Speaker 1:But we're doing three big days this year. It seems like we're increasing a fig day a year because we started out with one big, big day. It was hugely successful and we got bigger and more items to offer more gifts. So we did two fig days and now we're doing three. So Tuesday the 19th is our first one. Then we'll do one on Thursday, so that'll be the 21st, and then the following Tuesday as well for that. So come join us in the app. It's a lot of fun. We do games, we do discounts, we do giveaways. I mean, where else can you go shop and have as much fun as we have?
Speaker 2:Exactly and get everything pretty much you need I know Exactly.

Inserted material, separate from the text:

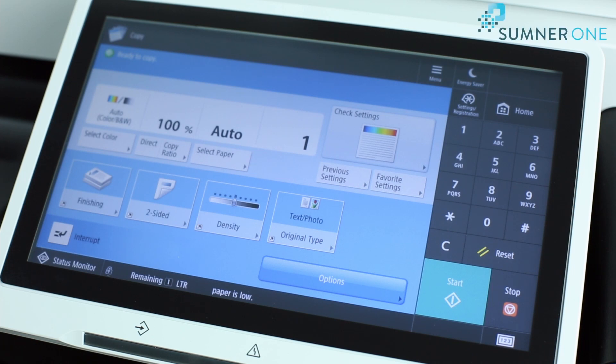Hi, this is Marty Carter with Sumner One Service. Today we're going to talk about the Canon Image Runner Advanced Series and changing default settings.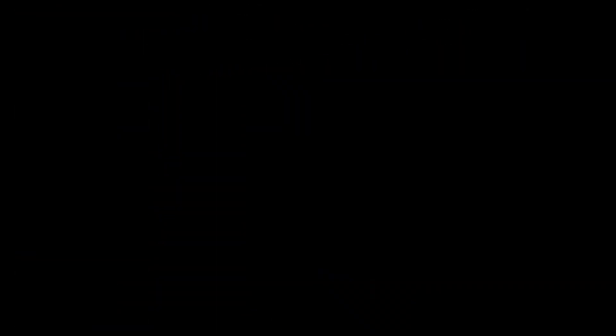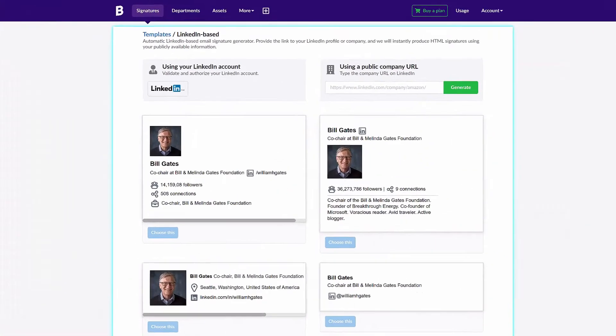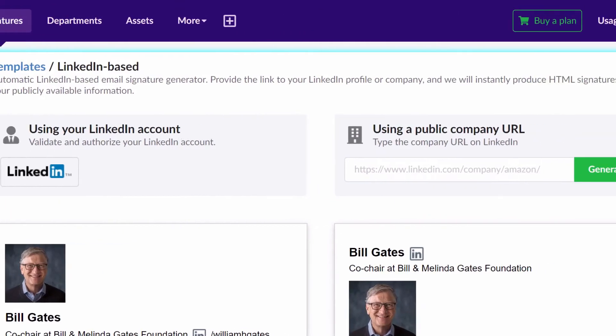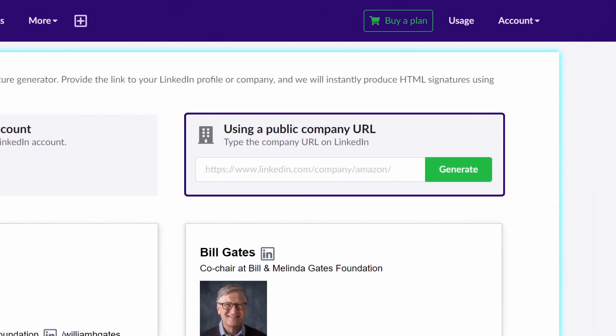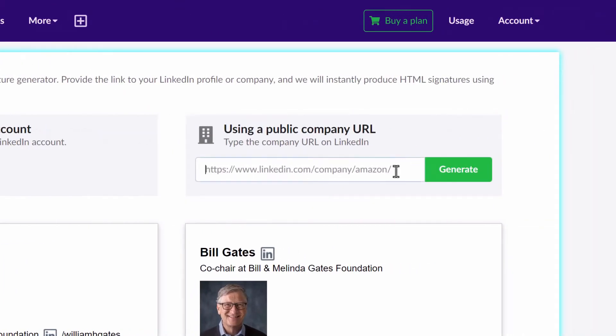You can create the signature using two methods: your LinkedIn profile or company. For your profile, you need to authenticate and authorize your account. For the company, it's faster — just enter the URL of your company on LinkedIn.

Speaker 1:You know the only reason. We don't get everything from there.
Speaker 2:Because we sell it all.
Speaker 1:Is we sell it all. And also I feel like people judge us if we give them Our product, our product, I do too, I feel like they think well, you didn't really have to buy this or something like that.
Speaker 2:First of all, let me say we love our merchandise because we are the ones that buy it.
Speaker 1:Yeah, we pick it out and we're like, oh, this is an amazing gift, this is perfect.
Speaker 2:I feel like people number one if we give something from one of our stores, either feel like we really we just got it because it was convenient, which is not true, because we've we spend a lot more time shopping for our stores than anybody ever shops for anything, right? So that's not true. Second, I feel like they think, oh, they're giving me this.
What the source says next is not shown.